• TRY IT
Output exactly, in the material below, the lines from the one with "Mr.Claudio Ranieri Roma" through the one with "Renault LIFT TRAFIC". Omit all pictures.

• RECORD EXTRACTS
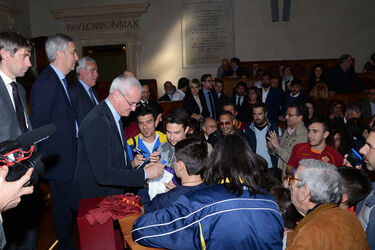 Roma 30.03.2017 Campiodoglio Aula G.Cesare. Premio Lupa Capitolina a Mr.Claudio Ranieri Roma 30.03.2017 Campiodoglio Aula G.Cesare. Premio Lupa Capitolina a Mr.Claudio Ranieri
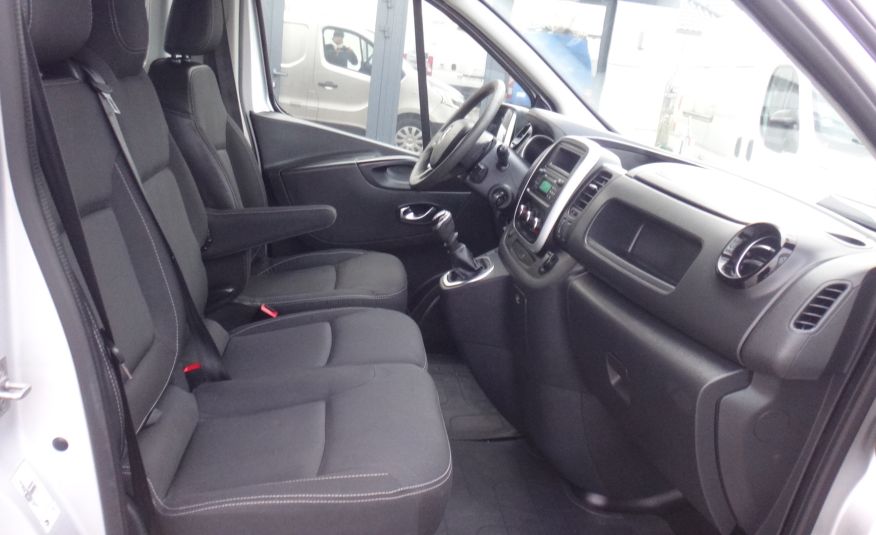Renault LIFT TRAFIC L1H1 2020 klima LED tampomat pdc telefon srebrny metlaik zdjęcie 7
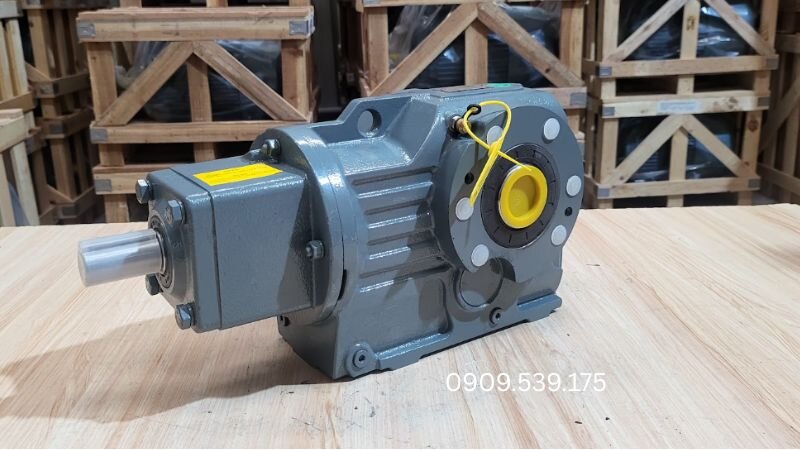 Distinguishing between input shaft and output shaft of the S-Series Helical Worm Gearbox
...
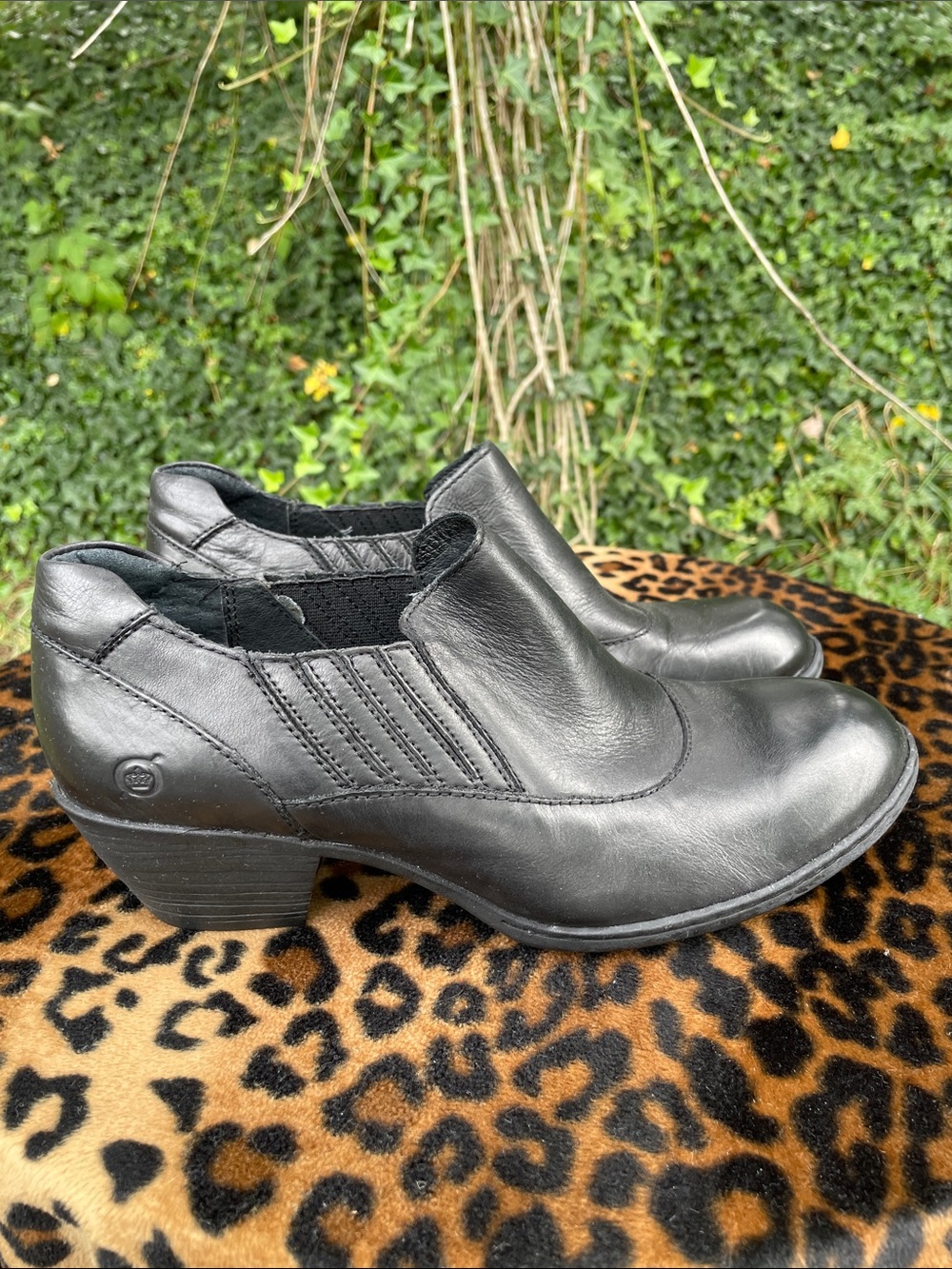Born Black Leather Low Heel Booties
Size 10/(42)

• YOUR RESPONSE
 Roma 30.03.2017 Campiodoglio Aula G.Cesare. Premio Lupa Capitolina a Mr.Claudio Ranieri Roma 30.03.2017 Campiodoglio Aula G.Cesare. Premio Lupa Capitolina a Mr.Claudio Ranieri
Renault LIFT TRAFIC L1H1 2020 klima LED tampomat pdc telefon srebrny metlaik zdjęcie 7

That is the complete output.